***** DATASET EXTRACT
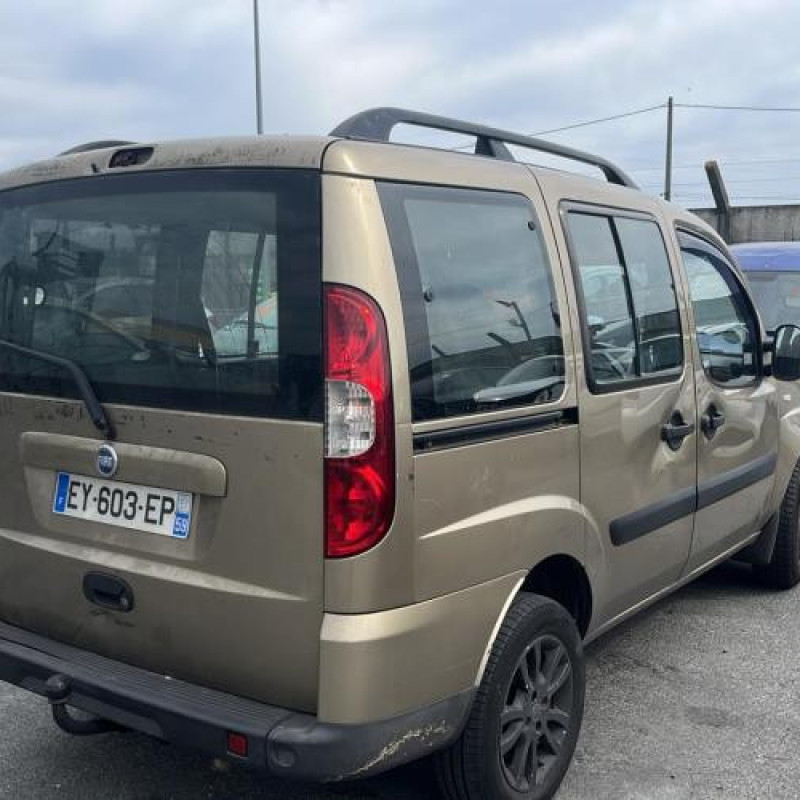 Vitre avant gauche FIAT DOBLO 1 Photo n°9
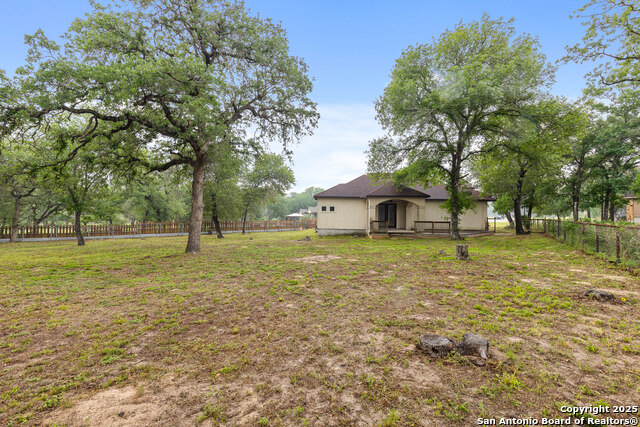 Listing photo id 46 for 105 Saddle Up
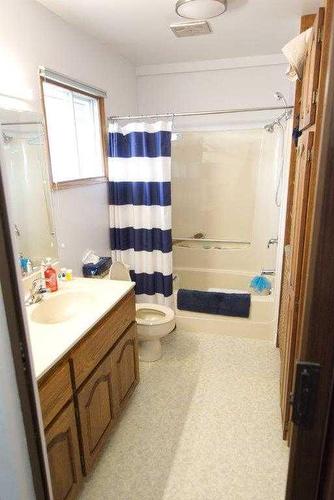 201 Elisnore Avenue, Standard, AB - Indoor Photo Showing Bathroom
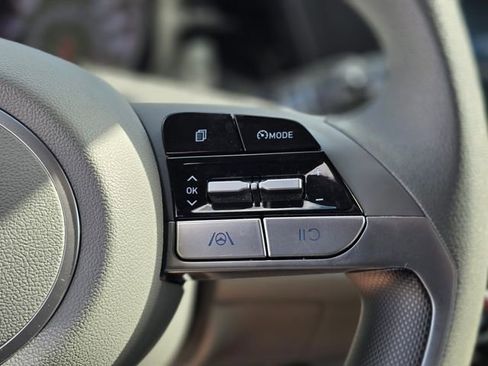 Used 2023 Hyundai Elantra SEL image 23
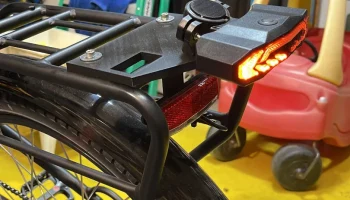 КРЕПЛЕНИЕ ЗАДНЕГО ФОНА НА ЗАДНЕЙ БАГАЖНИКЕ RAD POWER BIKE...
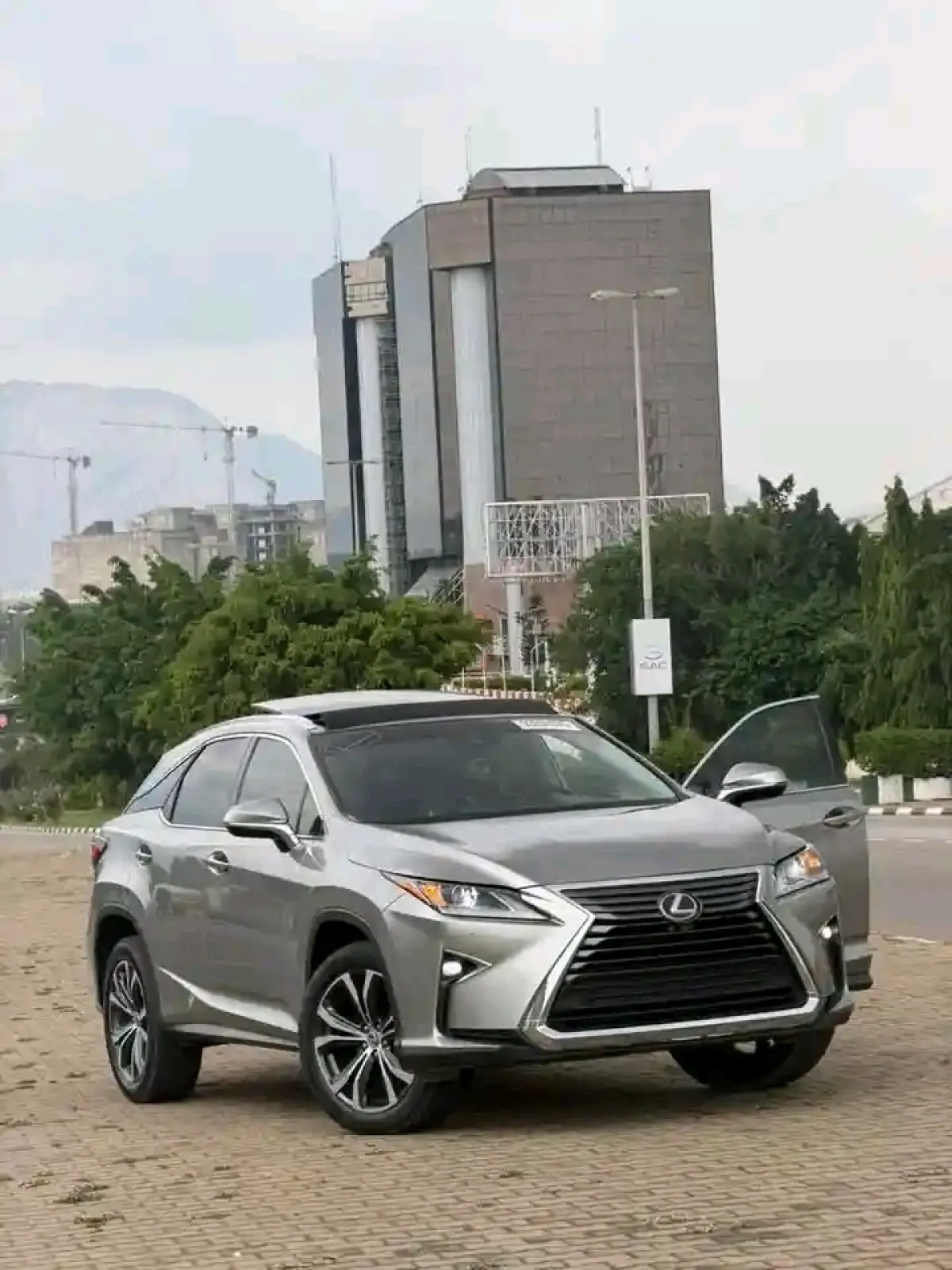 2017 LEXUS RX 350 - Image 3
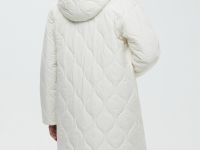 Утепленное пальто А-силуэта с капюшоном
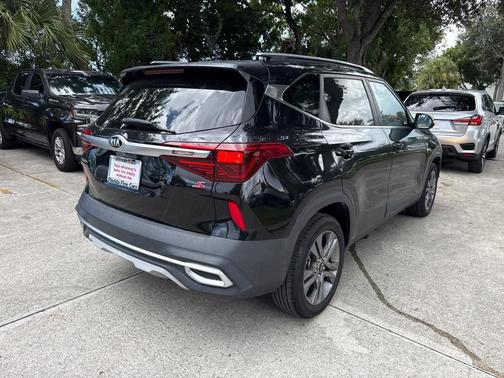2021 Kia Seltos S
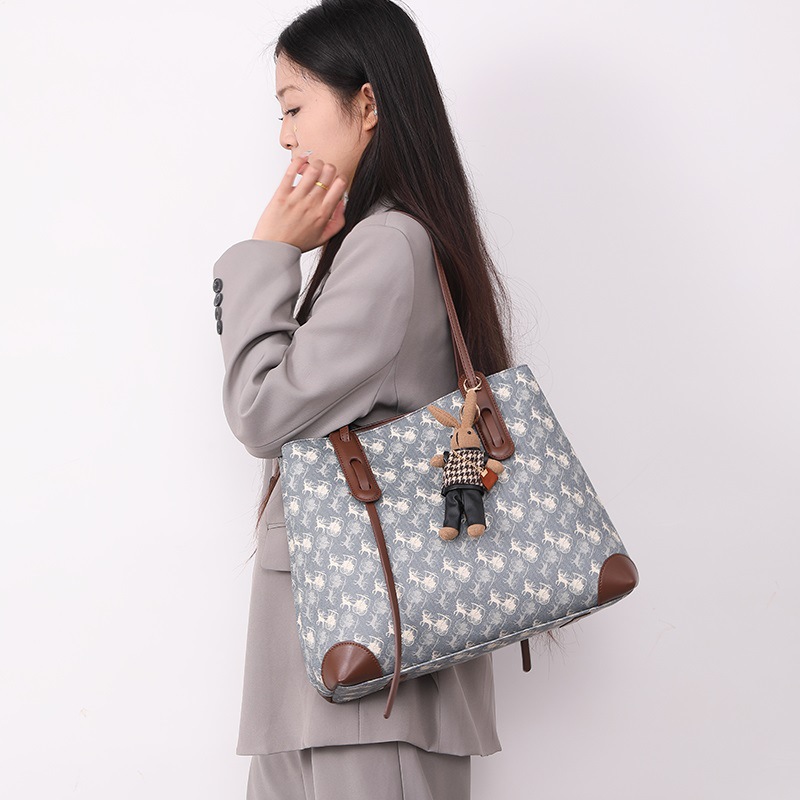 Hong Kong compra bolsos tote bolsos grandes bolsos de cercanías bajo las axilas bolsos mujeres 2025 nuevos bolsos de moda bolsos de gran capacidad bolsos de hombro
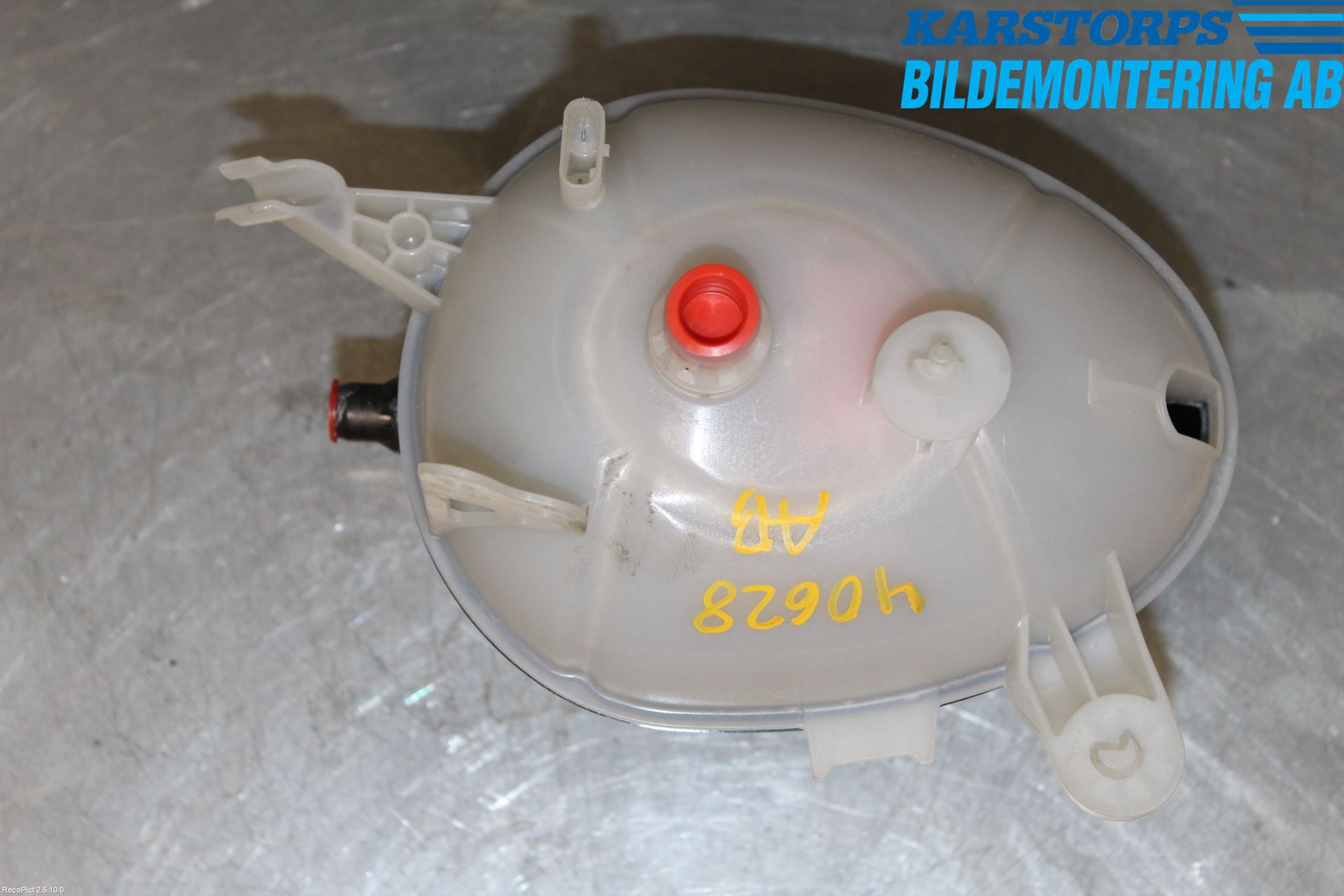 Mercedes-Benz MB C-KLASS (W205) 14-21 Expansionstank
**********
## PROBLEM TO WORK ON
Your reply must match the data above line for line, except that it holds no pictures.

## WRITTEN ANSWER
 Vitre avant gauche FIAT DOBLO 1 Photo n°9
 Listing photo id 46 for 105 Saddle Up
 201 Elisnore Avenue, Standard, AB - Indoor Photo Showing Bathroom
 Used 2023 Hyundai Elantra SEL image 23
 КРЕПЛЕНИЕ ЗАДНЕГО ФОНА НА ЗАДНЕЙ БАГАЖНИКЕ RAD POWER BIKE...
 2017 LEXUS RX 350 - Image 3
 Утепленное пальто А-силуэта с капюшоном
2021 Kia Seltos S
 Hong Kong compra bolsos tote bolsos grandes bolsos de cercanías bajo las axilas bolsos mujeres 2025 nuevos bolsos de moda bolsos de gran capacidad bolsos de hombro
 Mercedes-Benz MB C-KLASS (W205) 14-21 Expansionstank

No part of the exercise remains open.